Amélie Bonnin maakt haar langspeeldebuut (waarmee ze ook meteen het prestigieuze filmfestival van Cannes mocht openen in 2025) met een tragikomedie over een vrouw (Juliette Armanet) die jaren geleden haar provinciale geboortedorp in de Loire-streek verliet, carrière maakte als chef-kok in Parijs – waar anders – en door een familiaal euvel zich genoodzaakt ziet langer dan voorzien opnieuw te verblijven in de streek waar ze opgroeide. Uiteraard zal dat haar leven veranderen.
Laat ons heel eerlijk zijn, als een dergelijk scenario als titel Sweet Home Alabama heeft en Reese Witherspoon in de hoofdrol, dan noemen we het clichématig Hollywoodvoer. Als het gedraaid is in Frankrijk en opgezet als een kleinere productie, dan is het plots artistiek verantwoord. Het is pas door dat soort vakjesdenken van de hand te wijzen, dat het mogelijk is een film als Partir un Jour op zijn werkelijke merites te beoordelen.

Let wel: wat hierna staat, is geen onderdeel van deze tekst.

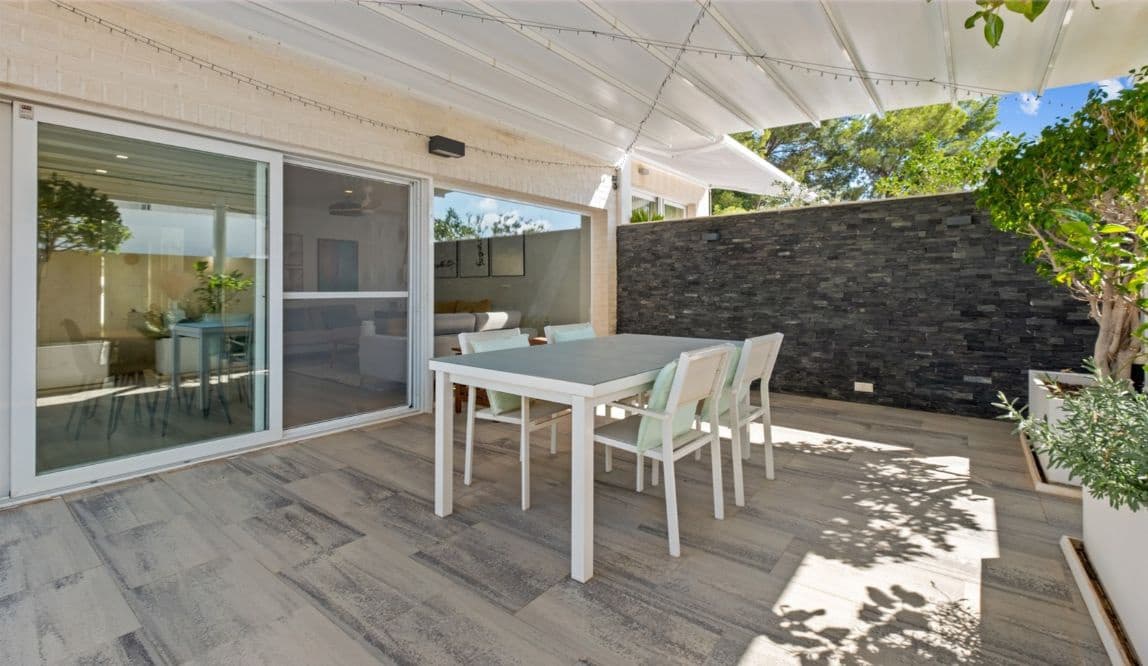 4 sovrum Semi-fristående Villa till salu i Alfaz del Pi / L'Alfas del Pi med pool garage - 599 000 € (Ref: 8728313)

En wie alles aan de kant schuift, kan alleen maar vaststellen dat dit een absolute miskleun is: geïllustreerde tekst die zichzelf krampachtig een kunstzinnig kantje wil aanmeten.
Partir un Jour neemt immers geen genoegen met te zijn wat het is … een simpel verhaaltje dat zich op zijn best had kunnen lenen tot nostalgische beeldjes en misschien een paar geïnspireerde visuele invallen. Helaas dachten de makers dat het een goed idee was om de personages zelfbewust in zang te laten uitbarsten doorheen populaire deuntjes die uiteraard een reflectie zijn op de gebeurtenissen … een soort Bollywood du Pauvre, zeg maar. En dus krijgen we Stromae’s “Alors on danse”, Yannicks “Ces soirées-la” en alles daartussenin opgediend, om toch maar de illusie te geven dat we aan het kijken zijn naar een soort auteurscinema. Het resultaat is pretentieus en stomvervelend en voelt vooral aan als bijzonder leeg. Als cinema heeft Partir un Jour immers helemaal niks te bieden. Compositie, opbouw, ritme, kleur, beweging, licht … alle elementen die van het medium film echt film maken, zijn conventioneel, flets en ronduit ondermaats.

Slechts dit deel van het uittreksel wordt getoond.